MATERIAL PROVIDED:
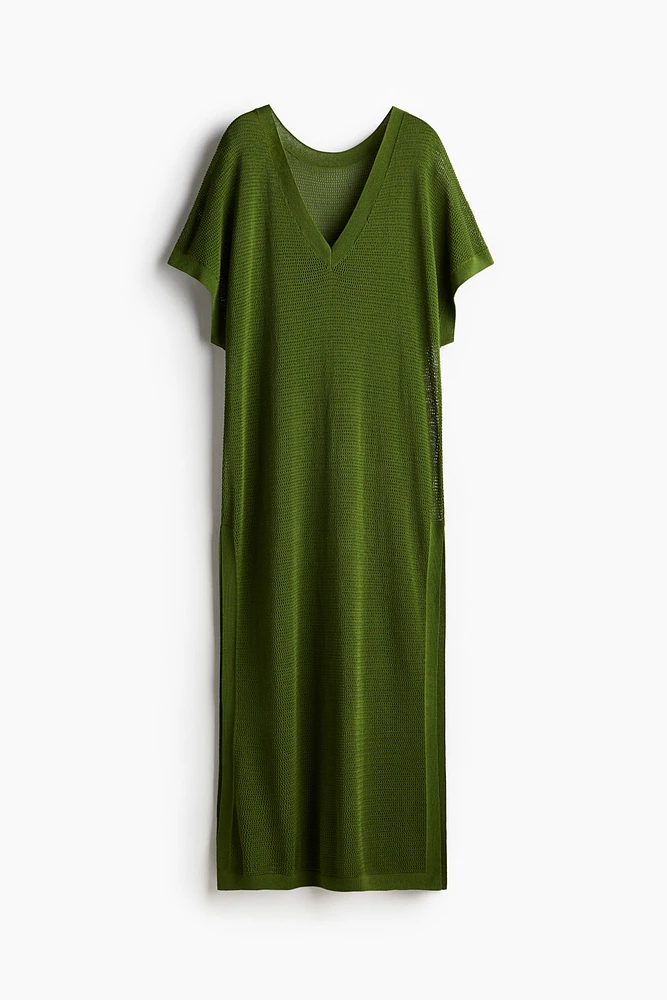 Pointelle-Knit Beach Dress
...
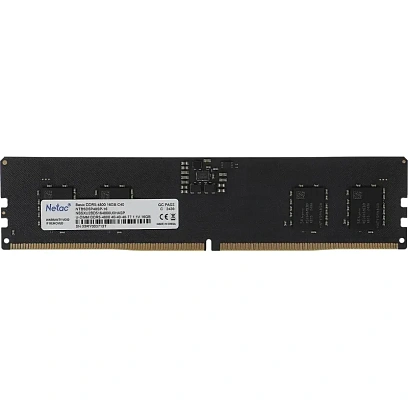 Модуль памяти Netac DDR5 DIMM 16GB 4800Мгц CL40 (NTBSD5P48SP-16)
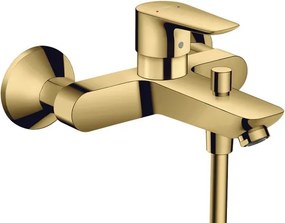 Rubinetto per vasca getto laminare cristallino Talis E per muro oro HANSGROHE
...
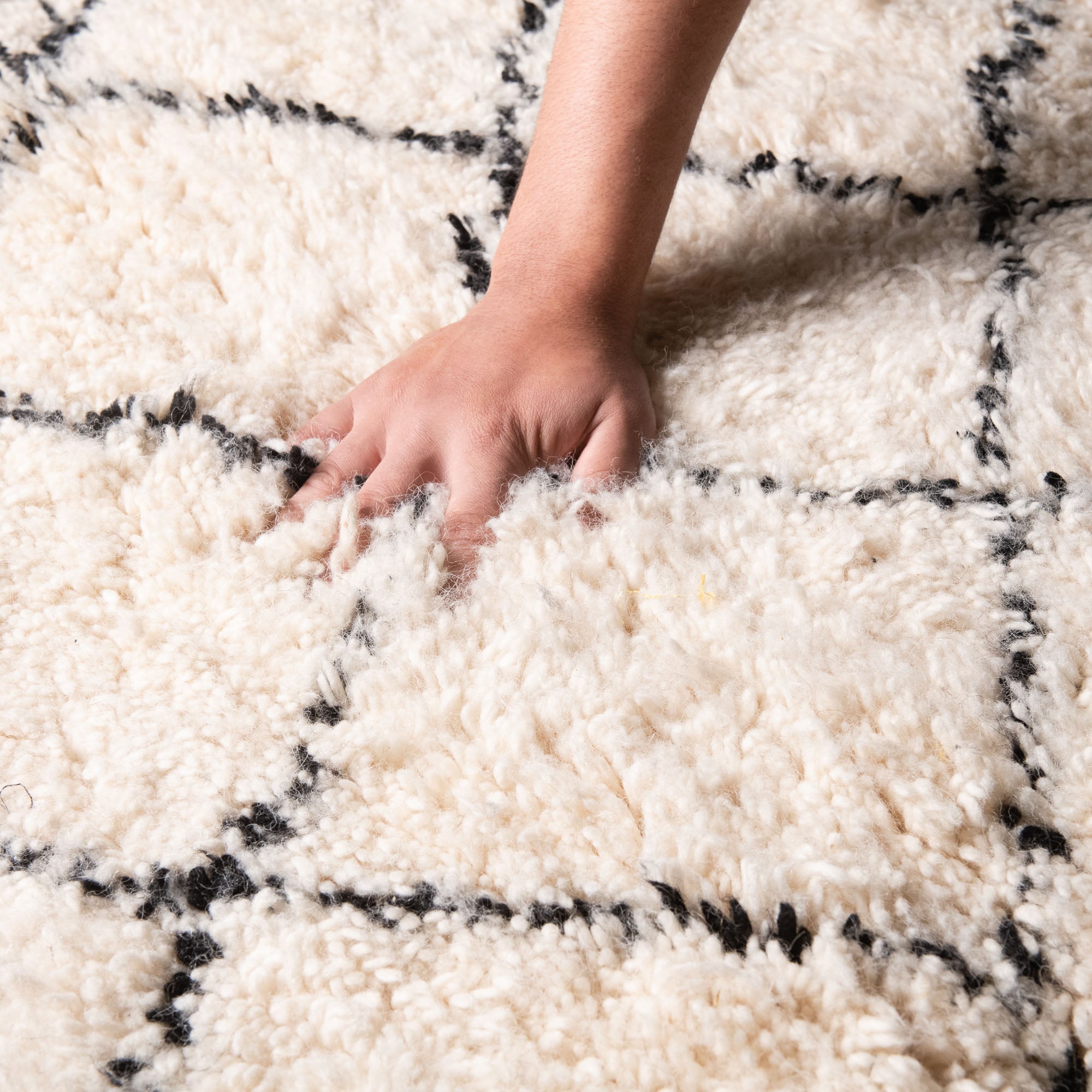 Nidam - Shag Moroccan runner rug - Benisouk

PROMPT: Go back to the lines above and output, exactly as they stand, the ones from the line containing "Модуль памяти Netac" to the line containing "Rubinetto per vasca". Leave all pictures behind.

RESULT OF THE TASK:
 Модуль памяти Netac DDR5 DIMM 16GB 4800Мгц CL40 (NTBSD5P48SP-16)
 Rubinetto per vasca getto laminare cristallino Talis E per muro oro HANSGROHE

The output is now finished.